Knowing when to pull the trigger on a deal is not always easy. Most people want the best possible deal, and by trying to continue to negotiate after a fair offer is made, they may miss out on the opportunity if the other party pulls it.
Here’s a comment from Mike Mann on Facebook yesterday afternoon after he gave what he deemed “a super duper low price” for a domain name his company owned and was motivated to sell:
“Live by the sword. People wanted to buy ResponsiblePower.com from me, I offered a super duper low price to get rid of it and move on, then they kept negotiating and being annoying, now its priced on the site tenfold.”

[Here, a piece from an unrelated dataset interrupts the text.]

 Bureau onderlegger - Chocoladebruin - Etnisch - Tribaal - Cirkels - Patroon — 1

I don’t totally understand this tactic if the goal is to churn the domain name. I can’t imagine that I would ever pay 10x the asking price because I tried to get a better deal. In my opinion, it seems most likely that the prospective buyer will walk away angry and the deal is lost. Perhaps a humble apology would get Mike to reconsider, but who knows.

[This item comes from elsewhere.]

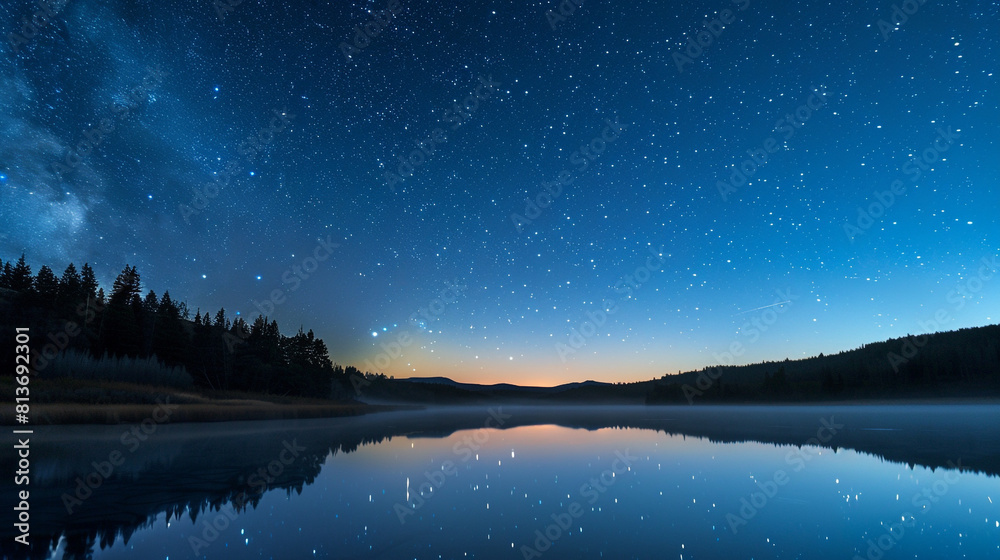 A calm, starlit night with Smokey background A calm, starlit night with Smokey background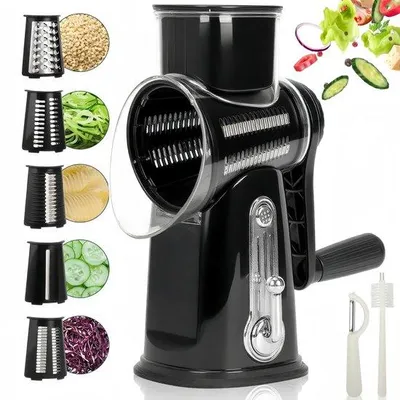 Produktbild von Unyqoos® Rotierende Handreibe – 5 wechselbare Edelstahlklingen, Kurbel & Saugnapf, inkl. Messerbox, Schäler, Einfüllschieber & Bürste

As an observer, it is another reminder that a good deal may be fleeting and it’s better to potentially overpay by a bit than risk losing the deal. This is especially important if the domain name is being acquired to be used for a specific project.
Yes, I’ve written about this a number of times, but it is something I have done and regretted more than once. I think this is a good reminder to not over-negotiate when a fair offer is made.